Joined: 04 May 2007
Location: Why do you care?
|Posted: Mon Feb 25, 2008 4:44 pm Post subject: Checking the Imports of a program
|Ok, since I've seen all kinds of people complaining about crap that they've been keylogged or whatever from opening some trainer or something, I've decided to write a quick tutorial on how to check the imports of a program to see if it's safe.
Step 1: Run Cheat Engine
Nothing to explain, I'm not sure how far this tool goes back, but it's definitely in CE 5.3, and you should at least be there.

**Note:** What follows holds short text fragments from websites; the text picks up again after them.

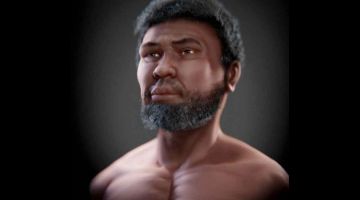 DITEMUI: Perak Man, rangka manusia tertua berusia 11,000 tahun yang ditemui 30 tahun lepas di Lembah Lenggong, Perak, kini mempunyai wajah lakaran, yang siap pada 19 Januari lepas. — Gambar Bernama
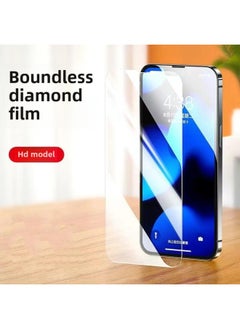 Applicable To Apple Full Screen Transparent HD Anti-peep Tempered Film With Packaging-Color:Full Screen Transparent Privacy Protection + (packaging)-Size:iPhone16ProMax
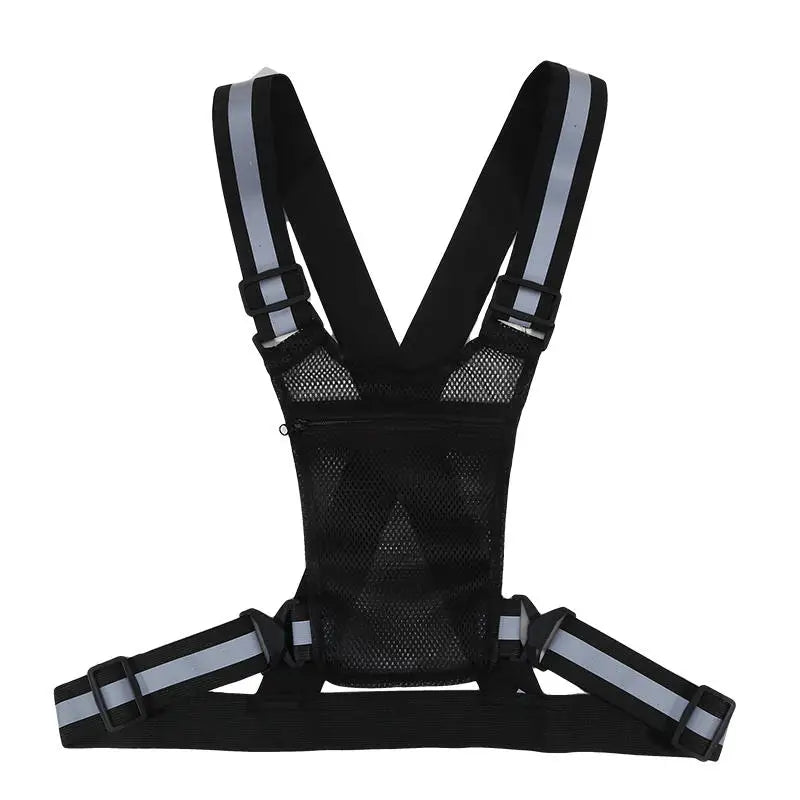 Lumix™ Reflective Vest with Adjustable Straps and Front Pocket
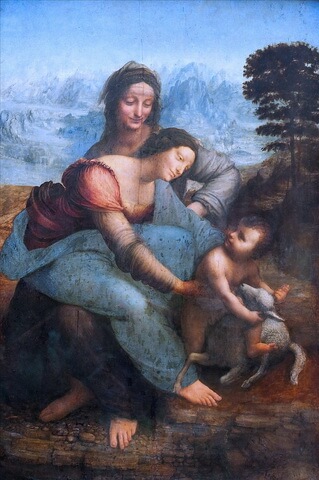 Leonardo da Vinci The Virgin and Child with Saint Anne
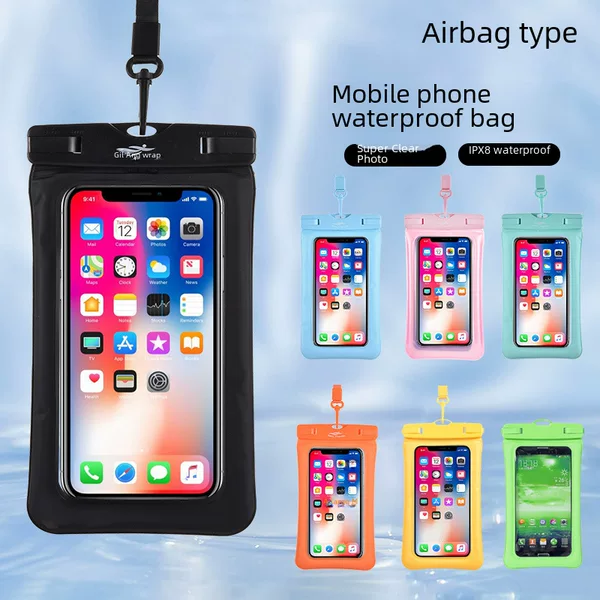 Large sealed waterproof case drifting Beach mobile phone waterproof bag transparent pvc takeaway mobile phone protective case Wholesale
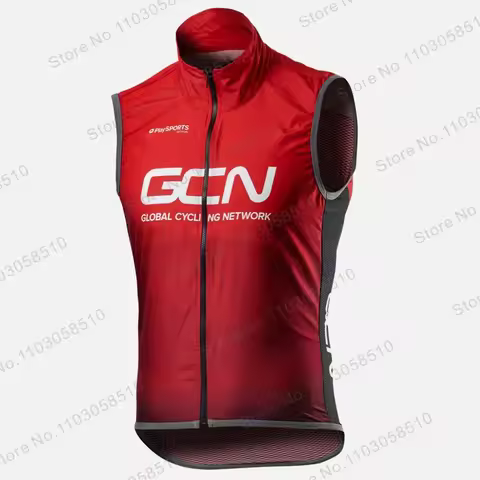 GCN Riding Unisex Waterproof Cycling Vest Bicycle jacket Windjack Lightweight Ultralight Riding Ridi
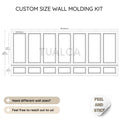 Custom Design Pre-Cut 4 cm Wall Molding Kit CST-052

Step 2: Navigate to the window
For this, browse to Memory View. Then, press the hotkey [CTRL] [ALT] [P]. That should bring up a window like this:
Edit: Ignore the notepad crap and whatever in the top, I hadn't done this in a little while, and I had to get back used to it. Then I just kinda didn't feel like taking the picture. =P
Step 3: Open file
Select "File" on the left of the window. Click the folder, and browse to wherever the file is located. I'll be using Cheat Engine for this example (yes, checking the imports of Cheat Engine with Cheat Engine...)
Step 4: View Imports
Select the imports tab.
Once you've done that, just kinda scroll through it and look for something suspicious, or out of the ordinary, like something that sounds like it connects to the internet, or paypal or something. (When looking for internet stuff, look for something like "winsock" or "wsock", as that has to do with internet).
So next time you download a trainer or something from someone that isn't well respected (and maybe even then too), just pop open Cheat Engine for a minute, and check out the imports. It doesn't take but a few minutes, and "wasting" those few minutes is much better than risking your precious PC, right?